All lines from the one including "ボンベイ・サファイアの特徴は、" to the bottom of the entries below should be repeated exactly, both ends kept.
§ §
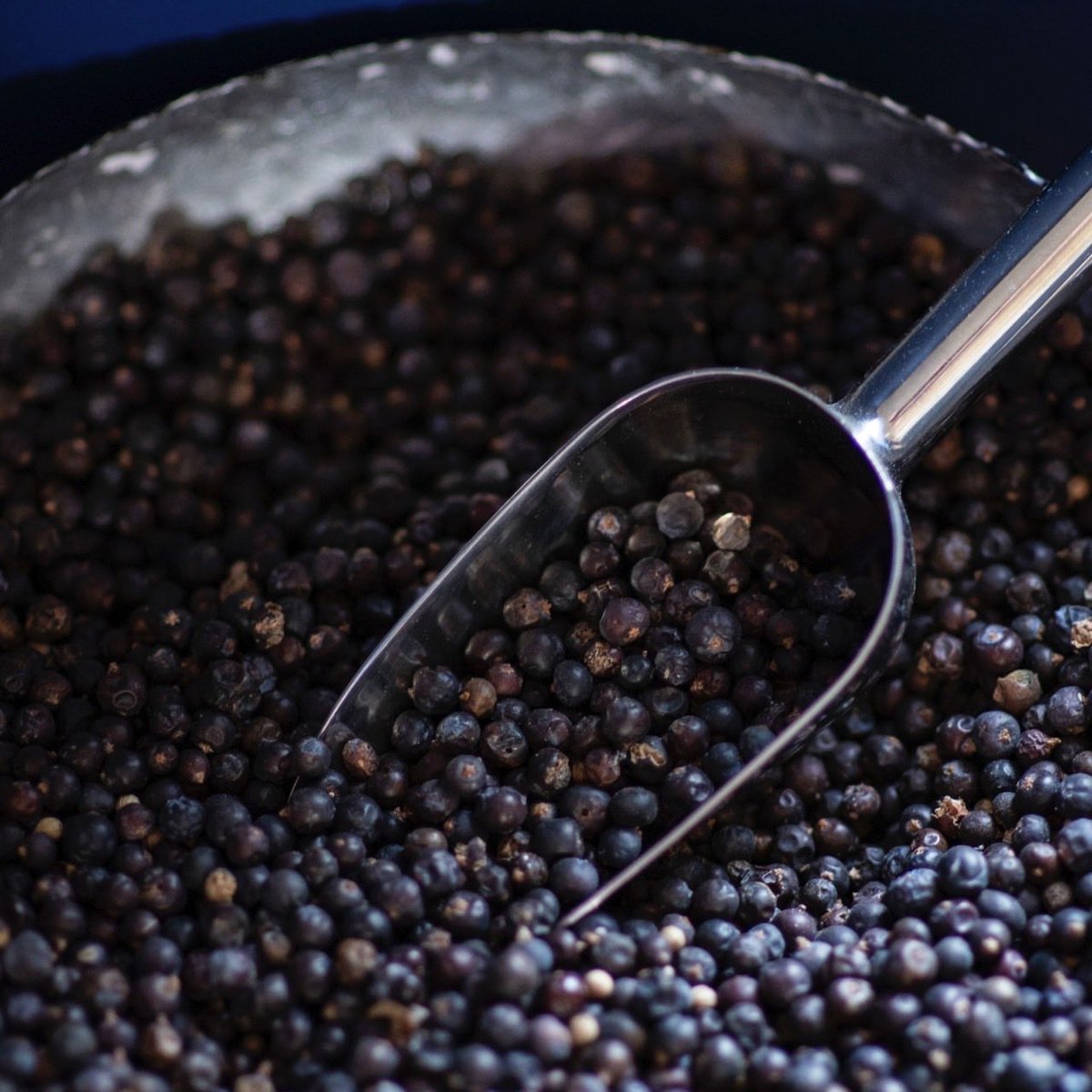 BombayJapan's tweet image. 新しいキャンペーンテーマ
 
Step into the blue。
踏み出そう、美しい青の極みへ。
 
ボンベイ・サファイアの特徴は、
世界中から選ばれた10種のボタニカル。
 
上質な原材料にこだわり続けているからこそ、深い香りと味わいを生み出すことができています！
§ §
(Finished task):
ボンベイ・サファイアの特徴は、
世界中から選ばれた10種のボタニカル。
 
上質な原材料にこだわり続けているからこそ、深い香りと味わいを生み出すことができています！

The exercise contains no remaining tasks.